If the coordinates of vertices of a triangle is always rational then the triangle cannot be

To solve the problem, we need to analyze the area of a triangle whose vertices have rational coordinates. ### Step-by-Step Solution: 1. **Understanding the Coordinates**: Let the vertices of the triangle be \( A(x_1, y_1) \), \( B(x_2, y_2) \), and \( C(x_3, y_3) \).
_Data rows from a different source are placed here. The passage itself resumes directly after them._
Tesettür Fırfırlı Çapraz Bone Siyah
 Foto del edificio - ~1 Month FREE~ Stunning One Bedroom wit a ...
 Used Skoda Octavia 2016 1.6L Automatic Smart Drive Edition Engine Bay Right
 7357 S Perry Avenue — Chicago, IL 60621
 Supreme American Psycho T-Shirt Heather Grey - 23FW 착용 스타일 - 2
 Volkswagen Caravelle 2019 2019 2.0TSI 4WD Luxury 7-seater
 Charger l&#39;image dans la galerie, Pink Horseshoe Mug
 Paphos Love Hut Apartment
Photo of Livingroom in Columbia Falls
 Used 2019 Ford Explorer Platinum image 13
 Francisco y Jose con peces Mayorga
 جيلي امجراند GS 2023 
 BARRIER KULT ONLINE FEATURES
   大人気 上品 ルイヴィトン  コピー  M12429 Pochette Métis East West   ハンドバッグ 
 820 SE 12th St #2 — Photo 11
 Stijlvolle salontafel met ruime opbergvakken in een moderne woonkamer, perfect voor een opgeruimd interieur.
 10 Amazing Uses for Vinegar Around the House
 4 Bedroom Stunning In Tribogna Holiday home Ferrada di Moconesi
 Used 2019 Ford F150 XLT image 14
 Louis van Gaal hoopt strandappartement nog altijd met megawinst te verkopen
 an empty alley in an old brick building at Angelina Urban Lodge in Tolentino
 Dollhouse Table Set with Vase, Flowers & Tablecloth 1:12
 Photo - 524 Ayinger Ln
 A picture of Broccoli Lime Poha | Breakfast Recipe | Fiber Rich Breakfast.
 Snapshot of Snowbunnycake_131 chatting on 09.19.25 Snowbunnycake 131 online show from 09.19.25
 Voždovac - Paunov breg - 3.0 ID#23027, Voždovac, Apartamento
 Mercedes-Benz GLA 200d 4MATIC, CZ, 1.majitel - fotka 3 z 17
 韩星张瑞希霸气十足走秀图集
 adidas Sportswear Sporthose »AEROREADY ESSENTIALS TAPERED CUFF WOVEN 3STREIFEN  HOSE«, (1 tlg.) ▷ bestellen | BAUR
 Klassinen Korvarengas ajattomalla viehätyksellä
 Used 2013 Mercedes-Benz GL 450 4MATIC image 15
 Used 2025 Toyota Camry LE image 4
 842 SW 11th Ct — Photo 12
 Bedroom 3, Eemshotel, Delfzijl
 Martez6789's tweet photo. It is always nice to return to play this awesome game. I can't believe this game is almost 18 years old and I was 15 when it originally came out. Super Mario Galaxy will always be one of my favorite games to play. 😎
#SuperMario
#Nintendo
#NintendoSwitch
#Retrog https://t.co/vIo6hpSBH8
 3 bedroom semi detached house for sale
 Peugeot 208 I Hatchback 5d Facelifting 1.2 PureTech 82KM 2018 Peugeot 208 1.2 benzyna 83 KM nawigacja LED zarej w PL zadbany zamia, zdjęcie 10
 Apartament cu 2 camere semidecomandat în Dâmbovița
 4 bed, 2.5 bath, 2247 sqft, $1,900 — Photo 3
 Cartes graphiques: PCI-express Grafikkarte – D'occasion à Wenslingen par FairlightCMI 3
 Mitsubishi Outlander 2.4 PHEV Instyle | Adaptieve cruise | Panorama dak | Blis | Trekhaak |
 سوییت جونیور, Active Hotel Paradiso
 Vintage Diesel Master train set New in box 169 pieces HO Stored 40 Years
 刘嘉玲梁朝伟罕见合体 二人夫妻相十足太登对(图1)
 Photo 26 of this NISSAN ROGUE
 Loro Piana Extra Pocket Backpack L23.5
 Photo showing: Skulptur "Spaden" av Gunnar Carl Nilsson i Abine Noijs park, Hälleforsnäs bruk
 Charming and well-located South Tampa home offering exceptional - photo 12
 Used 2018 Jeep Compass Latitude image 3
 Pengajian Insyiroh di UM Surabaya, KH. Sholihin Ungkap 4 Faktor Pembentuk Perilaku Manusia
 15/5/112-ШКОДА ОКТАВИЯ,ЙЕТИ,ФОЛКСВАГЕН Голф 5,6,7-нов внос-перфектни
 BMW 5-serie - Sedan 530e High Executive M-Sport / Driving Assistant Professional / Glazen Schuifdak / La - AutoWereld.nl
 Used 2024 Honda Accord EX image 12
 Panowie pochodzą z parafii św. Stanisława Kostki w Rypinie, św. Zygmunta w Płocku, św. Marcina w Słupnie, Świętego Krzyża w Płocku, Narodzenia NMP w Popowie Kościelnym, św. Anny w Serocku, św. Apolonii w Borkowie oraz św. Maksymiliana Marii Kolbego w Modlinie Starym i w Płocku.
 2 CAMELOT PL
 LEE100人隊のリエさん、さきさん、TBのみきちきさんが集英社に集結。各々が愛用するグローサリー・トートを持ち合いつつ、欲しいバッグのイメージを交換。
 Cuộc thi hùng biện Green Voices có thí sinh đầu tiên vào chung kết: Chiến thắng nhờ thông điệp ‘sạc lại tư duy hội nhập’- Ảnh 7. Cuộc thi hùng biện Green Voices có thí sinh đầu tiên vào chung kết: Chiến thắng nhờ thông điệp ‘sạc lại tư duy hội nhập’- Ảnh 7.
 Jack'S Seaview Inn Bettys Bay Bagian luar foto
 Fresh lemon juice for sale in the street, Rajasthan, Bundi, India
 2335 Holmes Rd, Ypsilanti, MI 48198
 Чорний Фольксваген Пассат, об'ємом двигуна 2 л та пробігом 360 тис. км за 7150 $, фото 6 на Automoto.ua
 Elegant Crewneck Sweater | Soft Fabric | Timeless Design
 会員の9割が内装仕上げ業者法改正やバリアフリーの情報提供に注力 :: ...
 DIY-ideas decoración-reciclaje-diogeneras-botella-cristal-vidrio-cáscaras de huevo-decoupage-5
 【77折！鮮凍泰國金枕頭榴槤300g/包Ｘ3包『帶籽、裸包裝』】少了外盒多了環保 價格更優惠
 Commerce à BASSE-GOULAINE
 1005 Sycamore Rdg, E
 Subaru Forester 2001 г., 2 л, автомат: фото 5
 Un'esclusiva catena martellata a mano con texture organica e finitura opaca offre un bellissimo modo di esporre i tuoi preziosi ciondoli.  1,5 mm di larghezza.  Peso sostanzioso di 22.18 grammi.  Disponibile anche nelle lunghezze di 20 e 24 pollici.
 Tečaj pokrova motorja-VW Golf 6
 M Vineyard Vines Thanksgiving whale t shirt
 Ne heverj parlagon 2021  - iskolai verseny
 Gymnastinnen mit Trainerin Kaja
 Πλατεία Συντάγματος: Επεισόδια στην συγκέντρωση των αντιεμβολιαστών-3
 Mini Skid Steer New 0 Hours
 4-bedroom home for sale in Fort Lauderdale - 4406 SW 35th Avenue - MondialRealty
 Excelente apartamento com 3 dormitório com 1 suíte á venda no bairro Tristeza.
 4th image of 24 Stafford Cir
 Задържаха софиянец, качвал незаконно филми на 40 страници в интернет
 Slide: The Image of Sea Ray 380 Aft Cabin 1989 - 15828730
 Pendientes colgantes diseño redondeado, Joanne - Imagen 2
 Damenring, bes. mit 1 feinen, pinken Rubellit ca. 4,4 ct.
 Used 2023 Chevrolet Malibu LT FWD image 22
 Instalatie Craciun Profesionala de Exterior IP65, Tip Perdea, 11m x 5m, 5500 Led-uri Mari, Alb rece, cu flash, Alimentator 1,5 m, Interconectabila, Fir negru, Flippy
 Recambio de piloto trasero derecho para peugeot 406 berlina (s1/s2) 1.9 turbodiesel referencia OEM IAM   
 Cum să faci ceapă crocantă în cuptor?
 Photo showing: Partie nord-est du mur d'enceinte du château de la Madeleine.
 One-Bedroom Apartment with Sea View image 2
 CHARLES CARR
Given that all coordinates \( x_1, y_1, x_2, y_2, x_3, y_3 \) are rational numbers. **Hint**: Remember that rational numbers can be expressed as the ratio of two integers. 2. **Area of the Triangle**: The area \( A \) of the triangle formed by these vertices can be calculated using the formula: \[ A = \frac{1}{2} \left| x_1(y_2 - y_3) + x_2(y_3 - y_1) + x_3(y_1 - y_2) \right| \] Since \( x_1, y_1, x_2, y_2, x_3, y_3 \) are all rational, the expression inside the absolute value will also be rational. **Hint**: The area formula involves rational operations (addition, subtraction, multiplication) which will yield a rational result if all inputs are rational. 3. **Rational Area Calculation**: Thus, the area \( A \) is a rational number because it is half of a rational number, which is still rational. **Hint**: Dividing a rational number by 2 still results in a rational number. 4. **Considering Special Cases**: Now, consider the case of an equilateral triangle. The area of an equilateral triangle with side length \( a \) is given by: \[ A = \frac{\sqrt{3}}{4} a^2 \] Here, \( \sqrt{3} \) is an irrational number. If \( a \) is rational, then \( a^2 \) is rational, but multiplying by \( \sqrt{3} \) results in an irrational area. **Hint**: Identify that the presence of \( \sqrt{3} \) in the area formula indicates that the area cannot be rational if the triangle is equilateral. 5. **Conclusion**: Since we established that the area of a triangle with rational vertices is rational, and the area of an equilateral triangle is irrational when its sides are rational, we conclude that a triangle with all rational vertices cannot be an equilateral triangle. **Final Answer**: The triangle cannot be an equilateral triangle.